[Stored items]

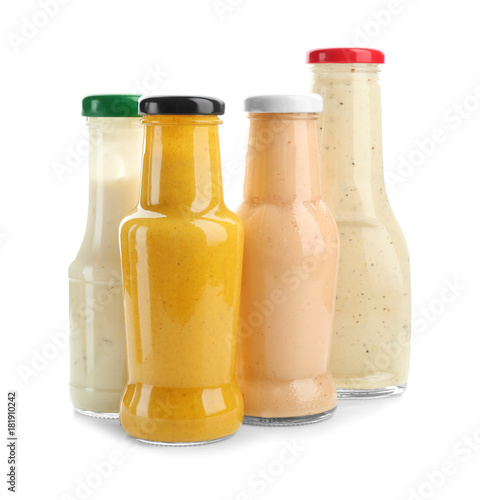 Bottles with different sauces for salad on white background
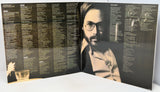 An open vinyl record sleeve or booklet showing printed track listings and a black-and-white portrait of a bearded man with glasses on the right page, photographed against a plain light background.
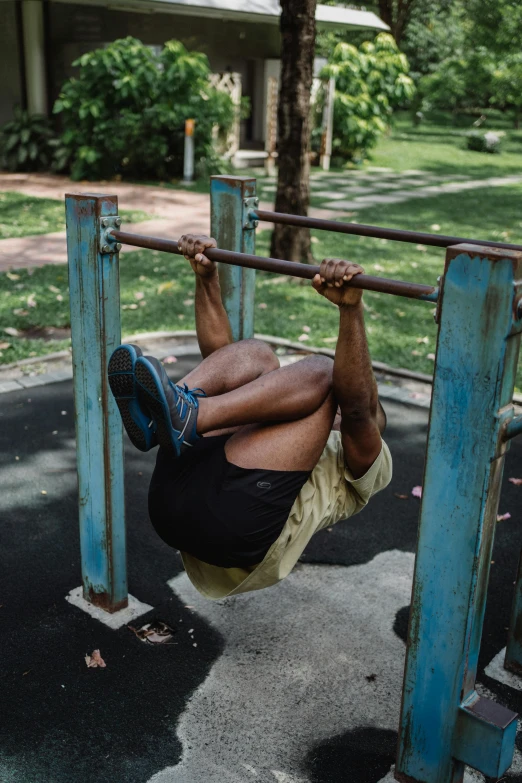 a person on a rope with a blue bench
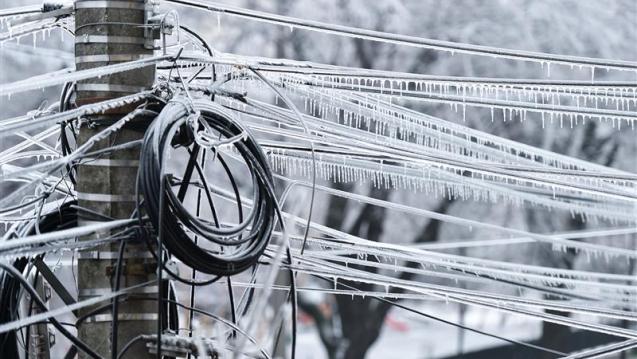Power lines weighed down by snow and ice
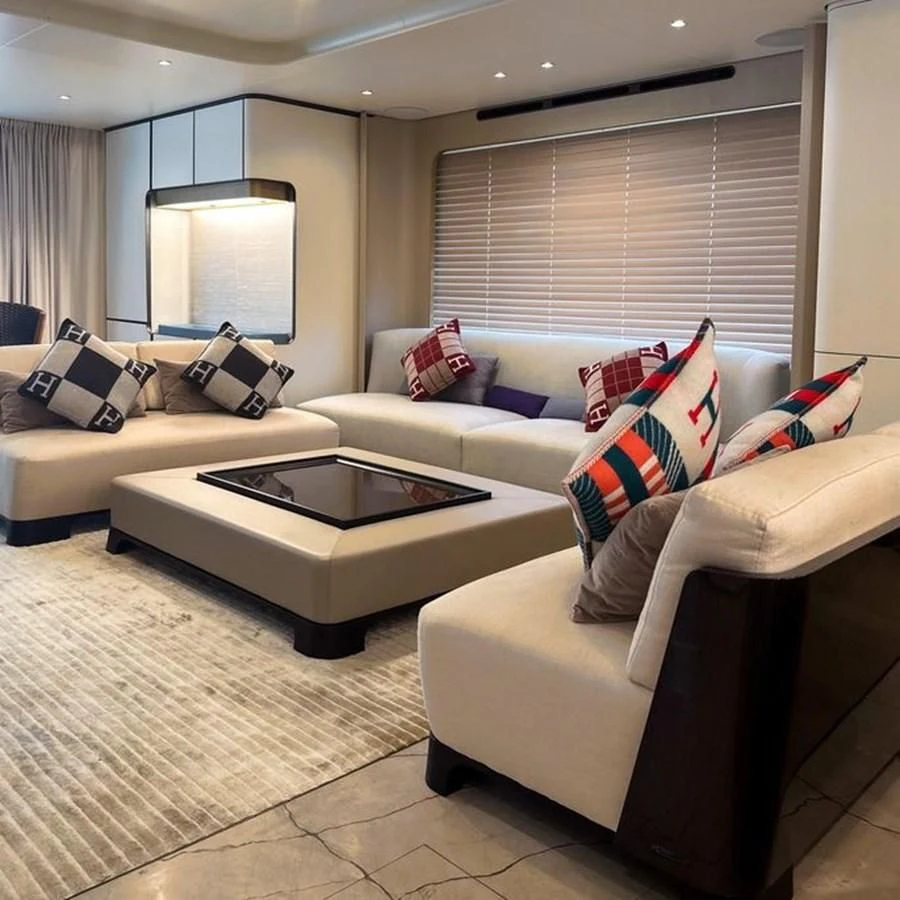 a living room with a couch and a coffee table aboard INFINITE VOYAGE III Yacht for Sale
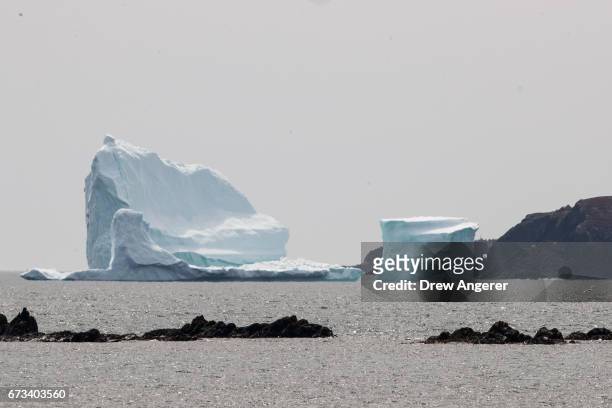 Large iceberg floats in the Atlantic Ocean, April 26, 2017 off the coast of Ferryland, Newfoundland, Canada. Icebergs break off from Baffin Island...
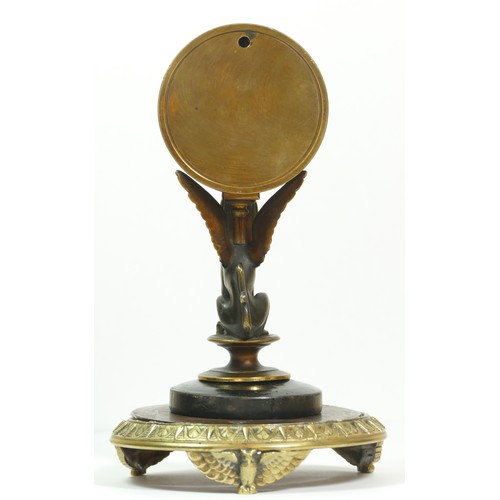 393 - A late 19th century brass aneroid barometer, raised on a bronzed patinated sphinx, to a brass stand ... 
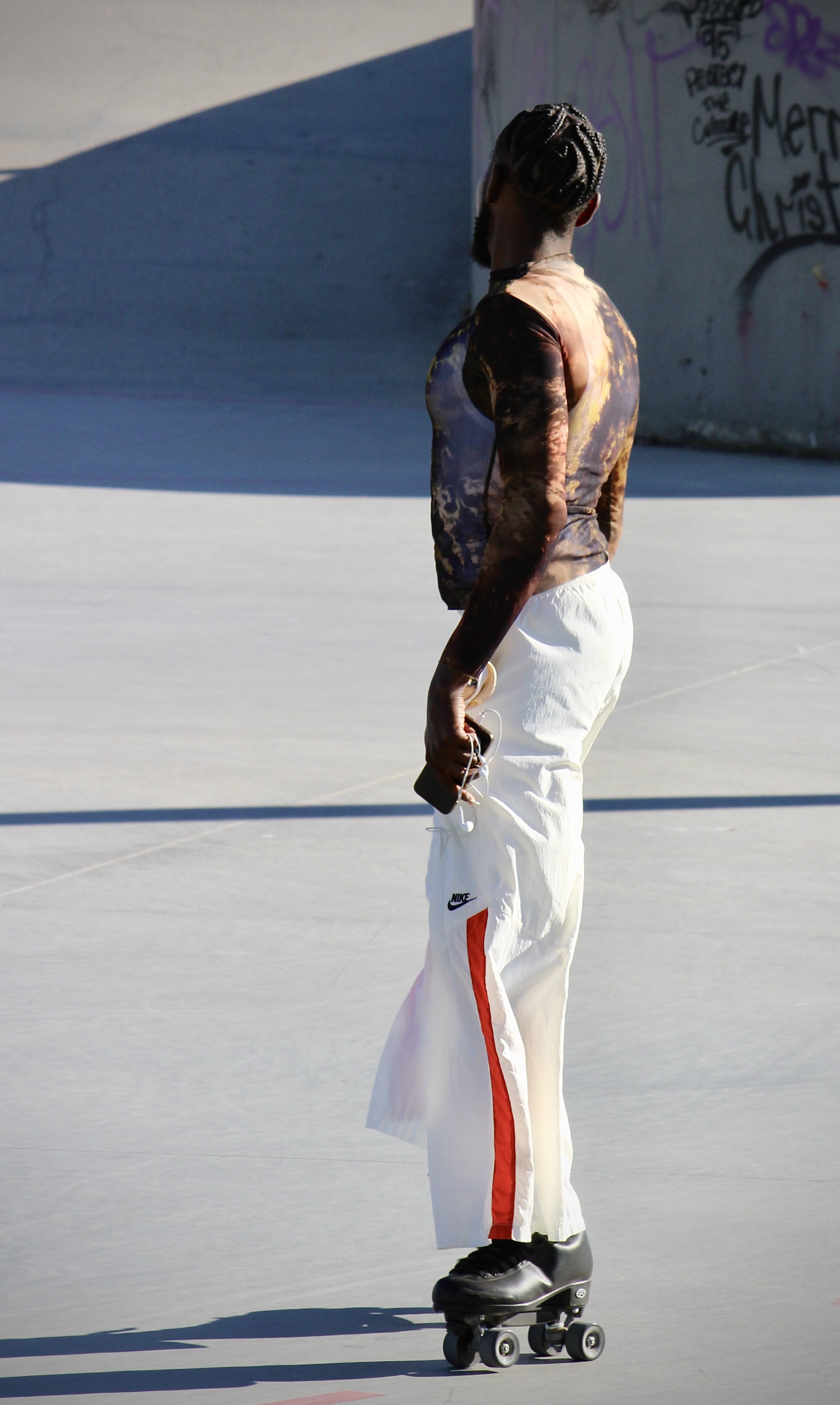 A person with braided hair skating on a concrete surface, wearing a patterned long-sleeve shirt and white pants with red and black stripes, holding a phone and earphones.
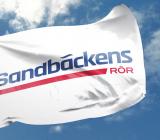 Sandbäckens logotyp på en flagga. Foto: Sandbäckens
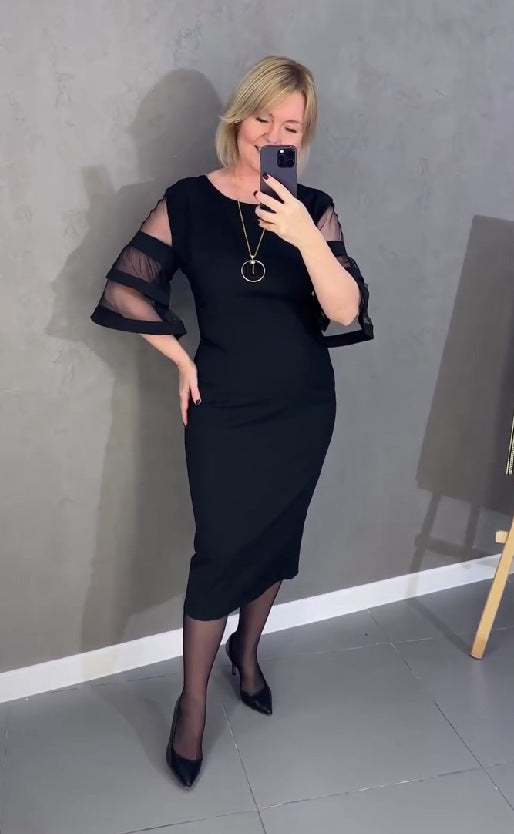 Elegantna haljina od tila koja se kopča patentnim zatvaračem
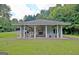 Community pavilion with stone fireplace and picnic tables providing an excellent gathering space at 40 High St, Sharpsburg, GA 30277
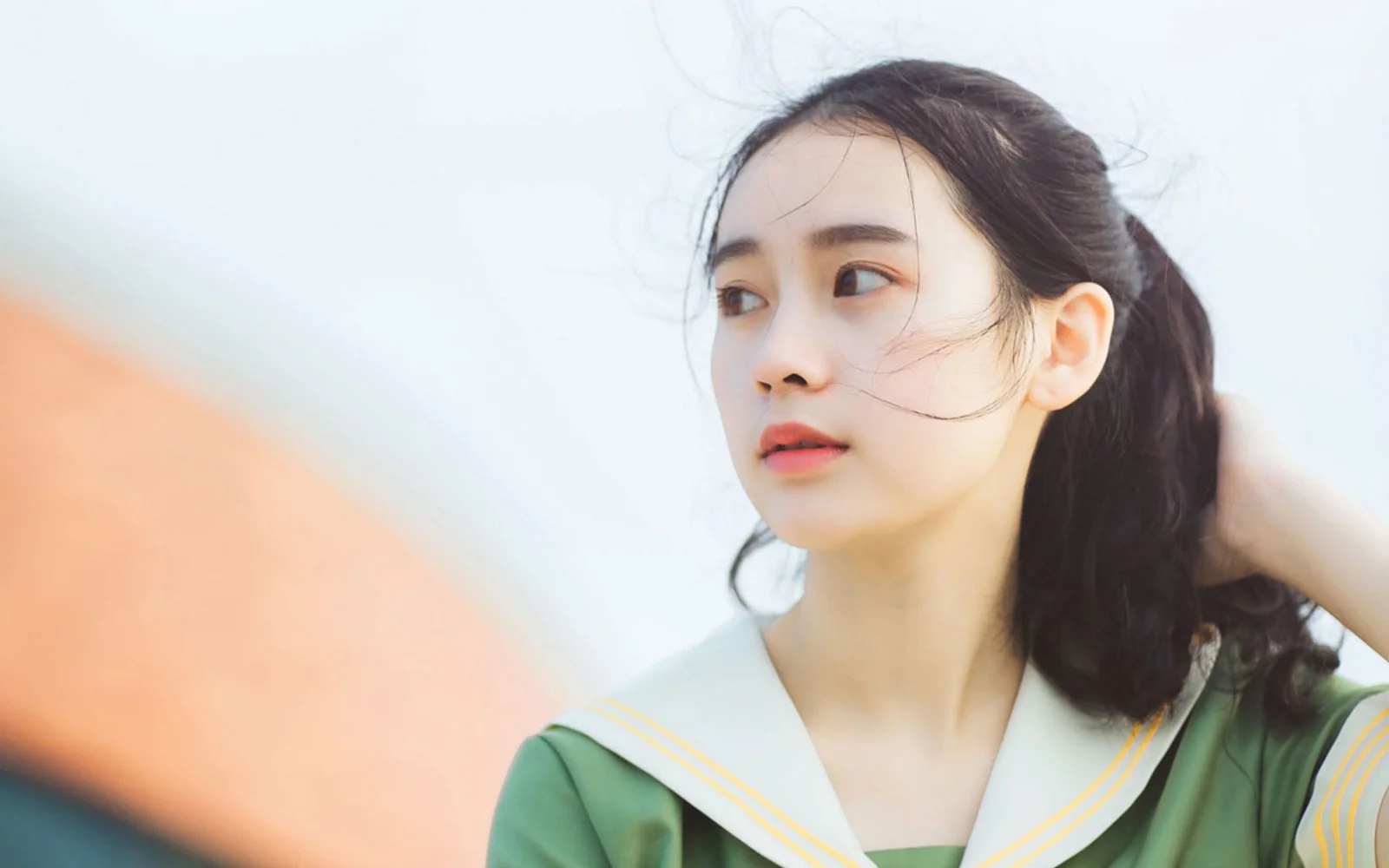 一名身穿绿色服装的女性在浅色背景前侧身望向一侧。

* EXERCISE BRIEF
Both the line above containing "a living room" and the line containing "Large iceberg floats" belong in the copy, along with every line between them; print these exactly and omit the pictures.

* OUTPUT FOR THIS EXERCISE
 a living room with a couch and a coffee table aboard INFINITE VOYAGE III Yacht for Sale
 Large iceberg floats in the Atlantic Ocean, April 26, 2017 off the coast of Ferryland, Newfoundland, Canada. Icebergs break off from Baffin Island...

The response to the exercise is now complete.